Will Zimmerman walk?
By Miami Herald (FL) July 2, 2013 12:13 pm

The prosecution overreached.

Manslaughter, maybe. I wouldn't bet on it.

But a second-degree murder conviction for George Zimmerman looks ever more doubtful.

Civic leaders, mindful that public assumptions about the shooting death of Trayvon Martin aren't governed by the legal niceties of Florida's self-defense law, might want to start planning. Zimmerman may well walk. The reaction could be ugly.

Two key witnesses called last week to bolster the prosecution instead left this racially divisive case infested with doubts. Jonathan Good, who saw the confrontation between two men outside his townhouse on a dark rainy night, decribed a scuffle that supported Zimmerman's contention that Martin had been the aggressor, the man on top, throwing the punches. Good called the blows "ground and pound."

"I could tell that the person on the bottom had a light skin color," Good testified.

Then there was Rachel Jeantel, the young Miami woman on the other end of a cell phone conversation with Trayvon Martin when he noticed Zimmerman, whom he described as "a creepy ass cracker," was stalking him through the neighborhood. She was surly, sometimes inarticulate. The 19-year-old made it obvious she didn't want to be there.

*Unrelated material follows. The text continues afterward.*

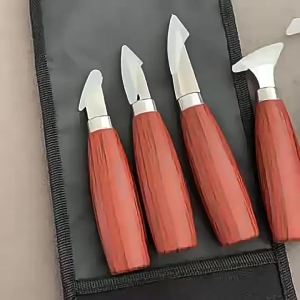 Wood Carving Knife Chisel Hook Knife Carving Tools Ergonomic Woodworking Spoon Durable Crooked Beginners Sculptural Professional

Her testimony set off a national debate, about whether this child of immigrants, with her prickly street sensibilities, had been unfairly caricatured in the press and social media. But none of that talk reached the sequestered jury and the only opinions that matter.

Prosecutors attempted to rehabilitate their case Monday, calling Sanford Police detectives Chris Serino and Doris Singleton. "These guys always get away," Zimmerman told Singleton after the shooting.

But Serino, on cross examination, couldn't remember any major inconsistencies in Zimmerman's interviews and the walk-through "recreation" after the shooting. "I can't think of any, offhand. None come to mind," Serino said, as a conviction seemed ever more elusive. "None that I can articulate."

A large segment of the public sees this case in a sweeping national context, rather than within the narrow parameters dictated by the rules of evidence. Trayvon Martin's death is held as the tragic result of racial profiling, in which Zimmerman wrongly assumed this black teenager was an outsider in his neighborhood, up to no good. And that Zimmerman stalked the kid, leading to the fatal confrontation.

All that could be true yet still fall well short of the legal definition of second-degree murder, "an act imminently dangerous to another and evincing a depraved mind regardless of human life." Zimmerman's actions might come closer to the "culpable negligence" necessary for a manslaughter conviction, but even that looks tough, weighed against Florida's famously permissive self-defense statutes. Not with the neighbor's "pound and ground" testimony, and the photos taken that night of Zimmerman's injured face and head.

Prosecutor have shown, perhaps, that Zimmerman was an over-exuberant neighborhood watchman, a wanna-be cop, a pistol-packing dunderhead whose terrible misjudgment led to a needless killing. But that's not murder two.